_WORK TO COMPLETE_
Without including any pictures, please copy every entry below exactly.

[MATERIAL SUPPLIED]

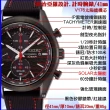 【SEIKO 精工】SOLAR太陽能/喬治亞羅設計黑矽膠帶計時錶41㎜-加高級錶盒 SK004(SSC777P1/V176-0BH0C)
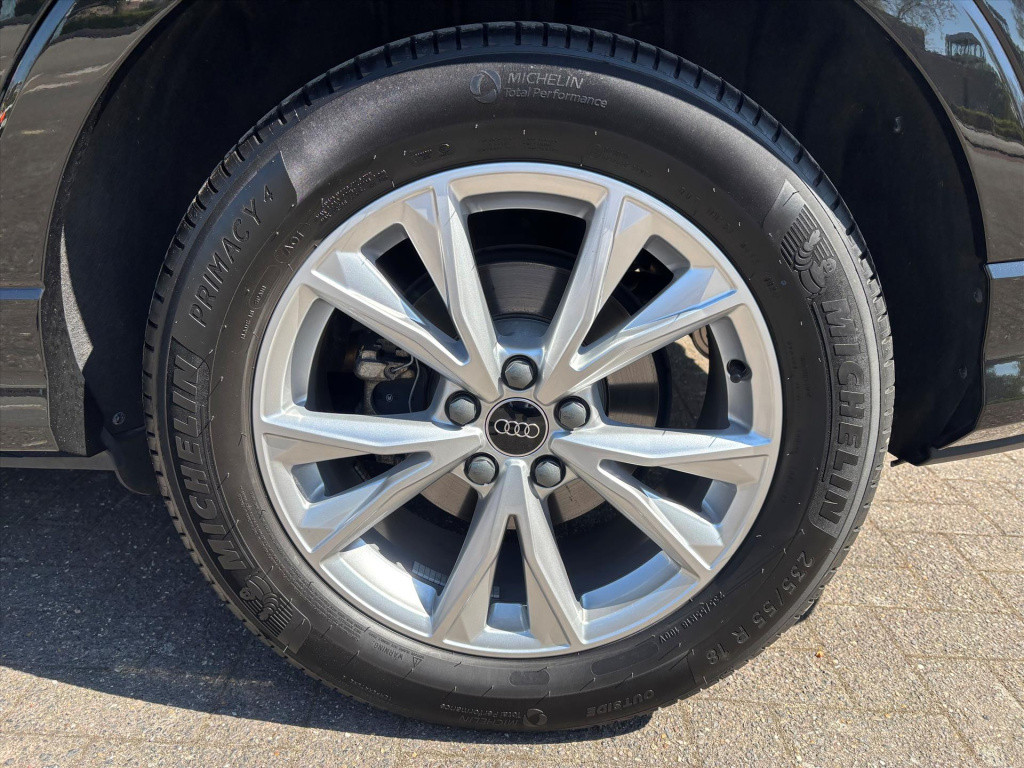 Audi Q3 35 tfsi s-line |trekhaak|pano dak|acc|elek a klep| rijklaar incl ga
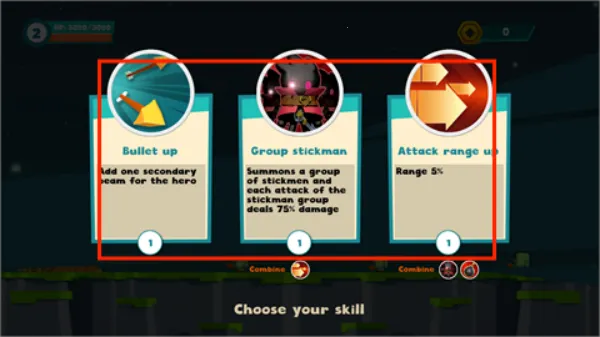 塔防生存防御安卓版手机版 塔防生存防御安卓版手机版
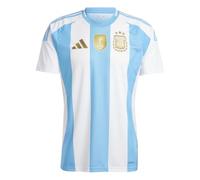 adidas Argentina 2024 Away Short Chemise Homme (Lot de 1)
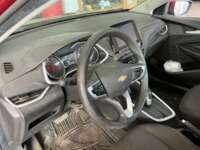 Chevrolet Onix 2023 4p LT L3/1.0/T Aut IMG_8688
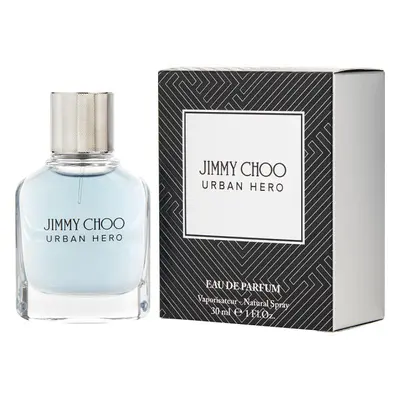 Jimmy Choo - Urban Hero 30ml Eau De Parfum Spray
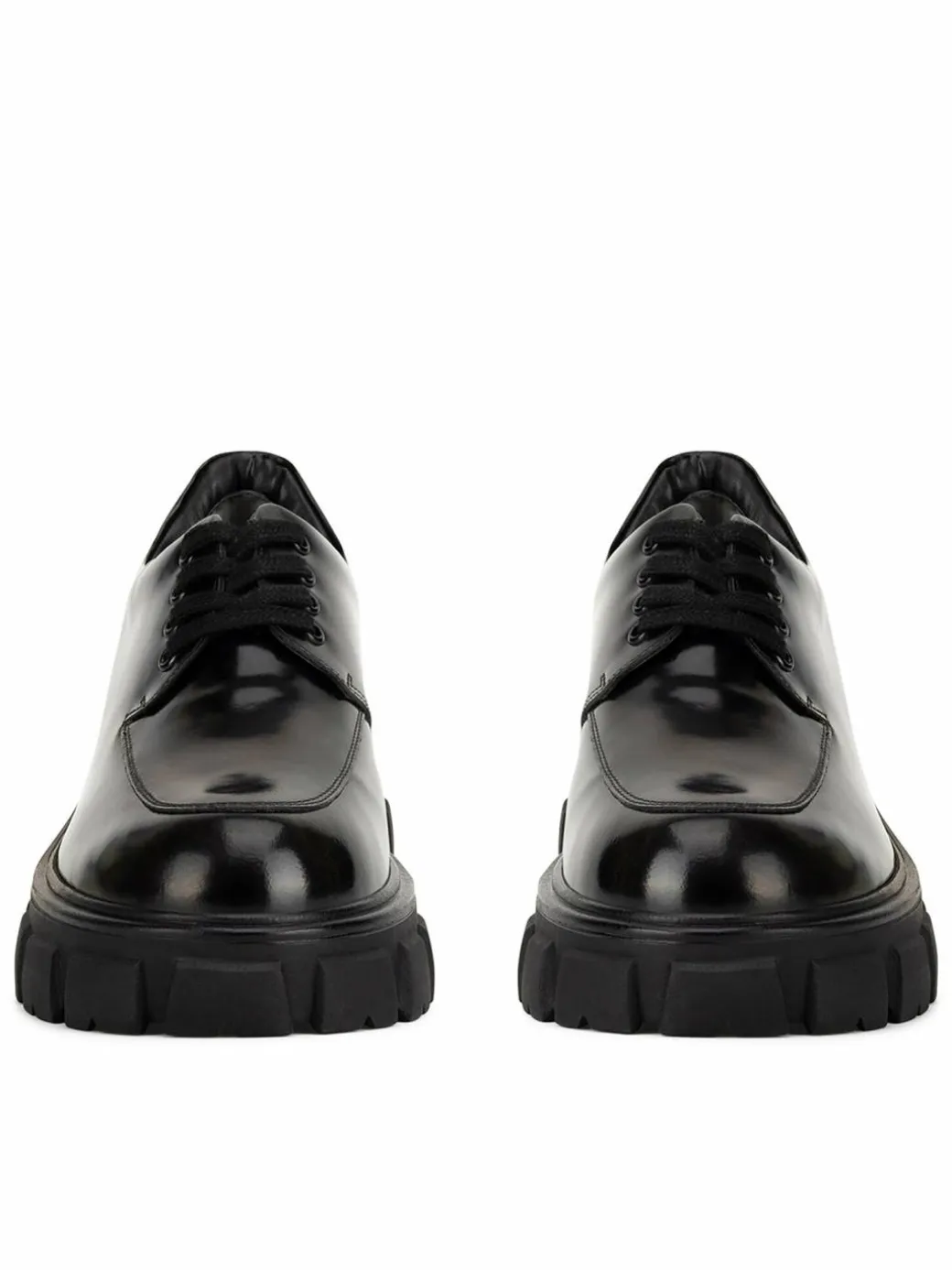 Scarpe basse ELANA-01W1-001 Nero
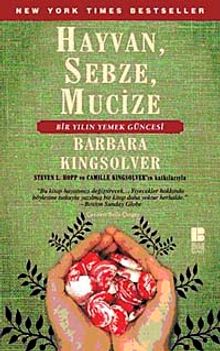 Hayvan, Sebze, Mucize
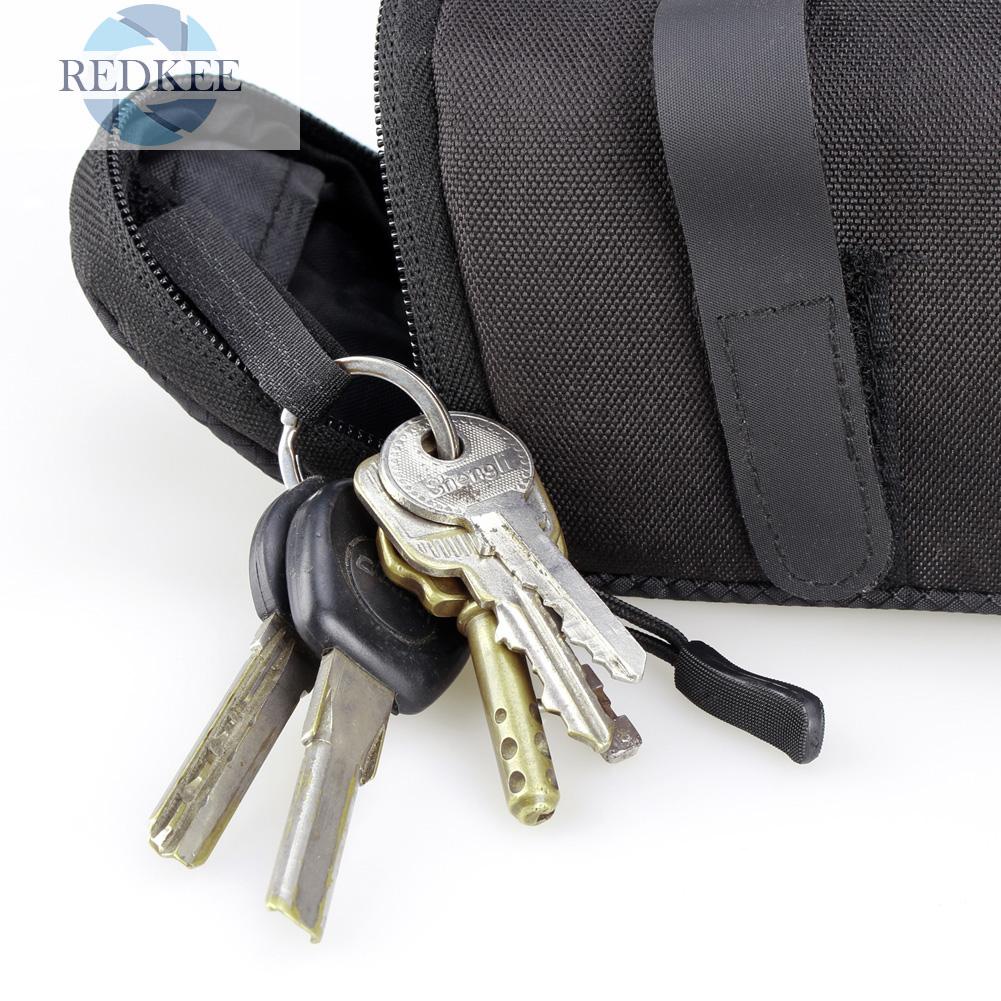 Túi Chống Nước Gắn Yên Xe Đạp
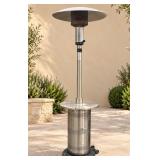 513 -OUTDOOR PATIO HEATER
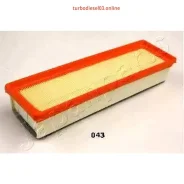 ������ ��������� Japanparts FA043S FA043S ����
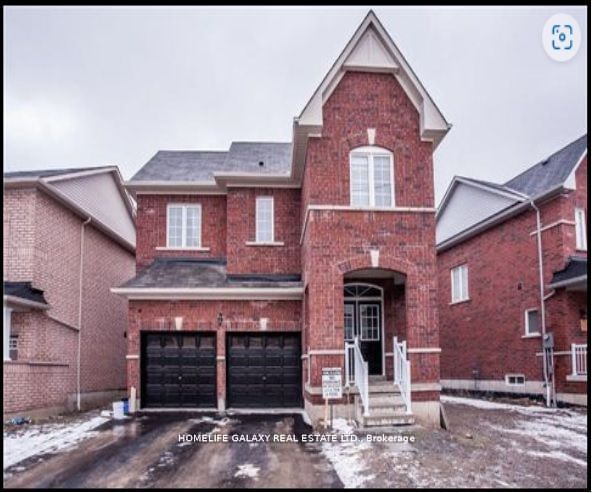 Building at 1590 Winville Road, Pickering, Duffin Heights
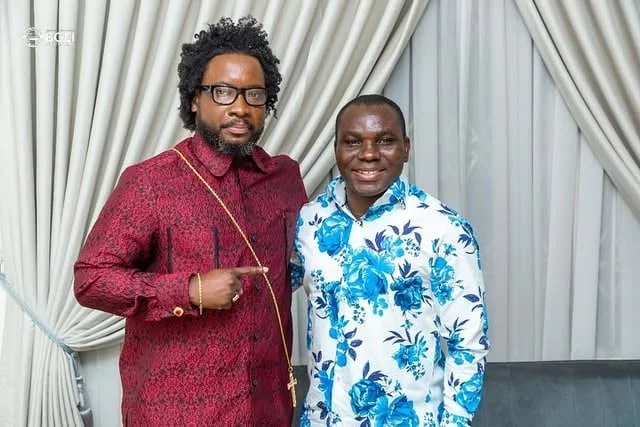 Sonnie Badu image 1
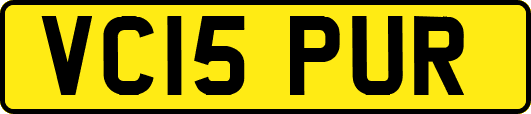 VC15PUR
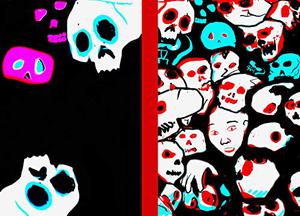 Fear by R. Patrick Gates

[/MATERIAL SUPPLIED]

_TASK SOLUTION_
 【SEIKO 精工】SOLAR太陽能/喬治亞羅設計黑矽膠帶計時錶41㎜-加高級錶盒 SK004(SSC777P1/V176-0BH0C)
 Audi Q3 35 tfsi s-line |trekhaak|pano dak|acc|elek a klep| rijklaar incl ga
 塔防生存防御安卓版手机版 塔防生存防御安卓版手机版
 adidas Argentina 2024 Away Short Chemise Homme (Lot de 1)
 Chevrolet Onix 2023 4p LT L3/1.0/T Aut IMG_8688
 Jimmy Choo - Urban Hero 30ml Eau De Parfum Spray
 Scarpe basse ELANA-01W1-001 Nero
 Hayvan, Sebze, Mucize
 Túi Chống Nước Gắn Yên Xe Đạp
 513 -OUTDOOR PATIO HEATER
 ������ ��������� Japanparts FA043S FA043S ����
 Building at 1590 Winville Road, Pickering, Duffin Heights
 Sonnie Badu image 1
 VC15PUR
 Fear by R. Patrick Gates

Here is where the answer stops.